The superintendent, the schools and the bureaucrats

December 23, 1990|By Will Englund | Will Englund,Will Englund covers education for The Sun.

"Frankly," said the anguished mother over the telephone, "we don't know what to do. It seems like no one at North Avenue wants to listen."

Call it the parents' lament. Every year the calls pour in, to City Council members, to the mayor's office, to state legislators, to newspapers and radio and television stations. The circumstances vary, but the theme is always the same. This particular mother called The Sun when her daughter was placed in an overcrowded pre-kindergarten class. The teacher said she couldn't do anything about it. The principal said she wouldn't do anything about it. And at the Baltimore school system's headquarters on North Avenue, well, it seemed that no one wanted to listen.

Add this mother to the long list of people who have come to believe that the Baltimore school system is unresponsive, unaccountable and staffed by too many educators who don't care.

Mastering and changing that system and those attitudes will be the largest tasks facing the city's new superintendent -- whoever is chosen to replace Richard C. Hunter, who learned in the frankest possible way last week that Mayor Kurt L. Schmoke doesn't want him around anymore.

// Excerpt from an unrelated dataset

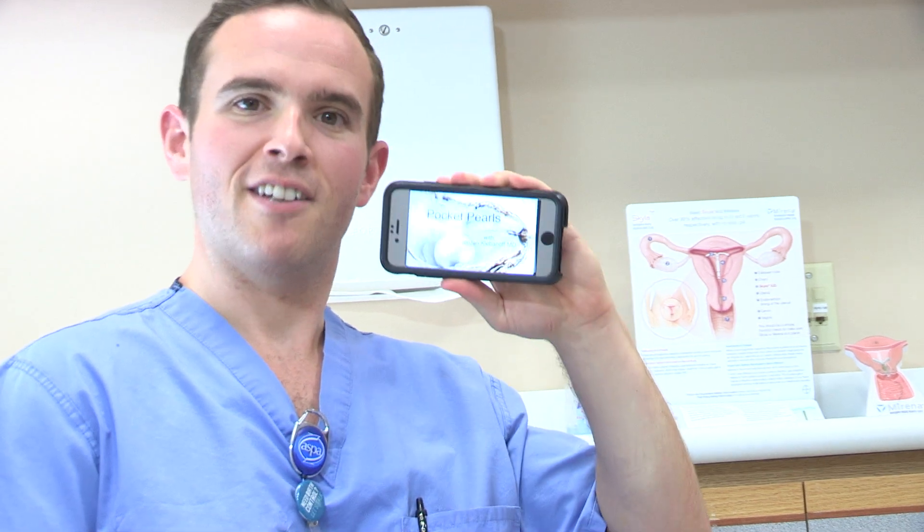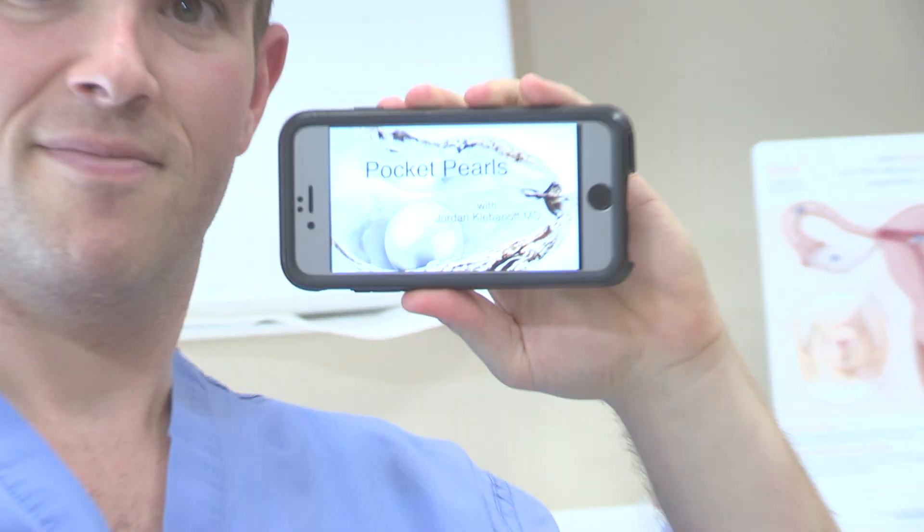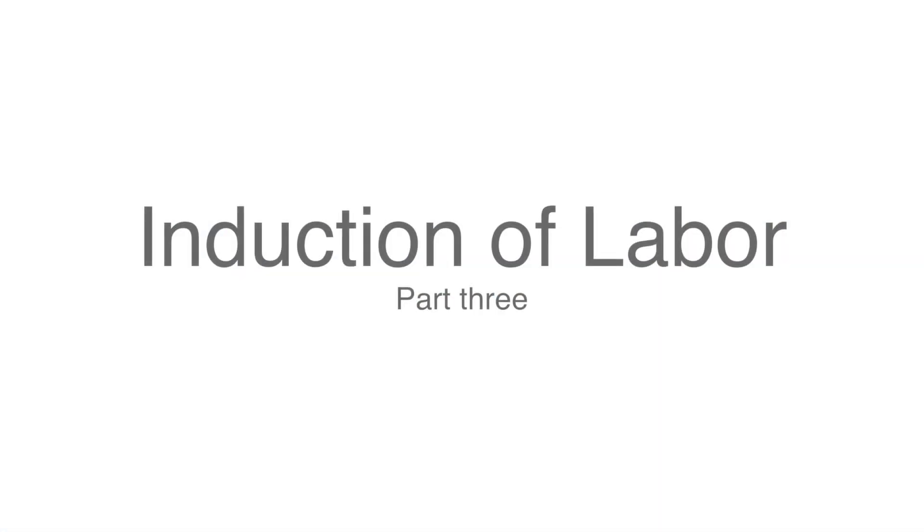Hi, I'm Jordan Klebinoff. I'm an OB-GYN resident from Christiana Hospital. Welcome to this week's episode of Pocket Pearls. I'm here with one of my co-residents, Dr. Kristin Kapalka, and one of our fourth-year medical students from Marshall University, Myo Adio, and today we're going to talk about mechanical methods of cervical ripening.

Some people wonder whether anyone can successfully handle the job. The system is so big, and has so many problems, problems that seem so deep and so abiding. Moreover, cities all across the country are firing superintendents out of frustration, suggesting there's some national ill wind blowing. Not to mention, of course, creating competition: Baltimore now must pluck a candidate who hasn't been plucked by such school systems as Austin, Texas; Boston; Columbus, Ohio; Charlotte-Mecklenburg, N.C.; Charleston, S.C.; Detroit; Indianapolis; Hartford; Houston; Kansas City, Mo.; Memphis; Milwaukee; Savannah, Ga.; St. Louis; Toledo, Ohio; Tucson, Ariz.; Virginia Beach, Va.; and Washington, all of which are already searching for new school chiefs.

Yet cities have had problems for a long time. What has changed are the hopes that the public and the politicians bring to the schools. Times are different, and people expect different things. In city after city, it is the failure of the systems to respond that has done in the superintendents.

Bureaucracy: If there's such a thing as a global trend, it's a disenchantment with bureaucracy. It's because of bureaucracy that Baltimoreans so often voice the parents' lament. Teachers believe they have neither the power nor the incentive to improve the lot of their students because of the bureaucracy above them. The bureaucrats can't be bothered about the problems of individual kids because they're too busy worrying about all 108,000 kids at the same time.

When Richard C. Hunter came to Baltimore in 1988, he made it clear that he intended to take control of the bureaucracy. And that, as much as anything, may have led to his fall. He believed he could successfully run a system through the layers of bureaus, divisions and offices that are stacked four stories high at North Avenue.

And as difficult as that was, he was dealing with an ingrown, watch-my-back-and-I'll-watch-yours system. One of the five consultants he brought to Baltimore described North Avenue as "a sick place."

One principal recently described North Avenue's ailments in even blunter terms: The place is populated by comfortable middle-class people whose only concern is personal advancement and making sure there are respectable schools for their children and their friends' children. That means that out of Baltimore's 177 schools, the principal said, there are about half a dozen, or maybe eight, that are allowed to prosper and that middle-class parents -- black or white -- would even conceive of sending their children to. The rest, full of children from the poorest neighborhoods of the city, are simply ignored. This principal, by the way, was not indulging in sour grapes, but is the head of one of those few acceptable schools.

Mayor Schmoke has hoped to do an end-run around the bureaucracy by decentralizing authority and putting the spotlight on principals. He is not a maverick on this point. Chicago, for instance, has set up a separate council to run each school (although the plan is tied up in the courts at the moment).

And the Maryland Department of Education is moving determinedly toward a system of measuring individual schools and holding the schools -- not the school districts -- accountable for the results.

That's a reality that won't go away. The new superintendent will have to operate within it -- but if that superintendent is comfortable dealing with schools and not with bureaucrats, it could even make the job more manageable than it has been. A superintendent who can work without the bureaucracy may be more successful than yet another professional bureaucrat determined to bend the bureaucracy to his will.

The mayor suggested last week the possibility of hiring a non-educator as superintendent. At first blush, it's hard to see how such a person could gain the respect of the administrative staff -- but if the mayor gets his way that staff will be much less influential. And, as one former board member pointed out last week, no one questions having Richard Cheney -- a non-soldier -- as secretary of defense. Even educators applauded when Lauro F. Cavazos, a former college teacher and president, was replaced as secretary of education by Lamar Alexander, a professional politician. If it can happen in Washington, he asks, why not here?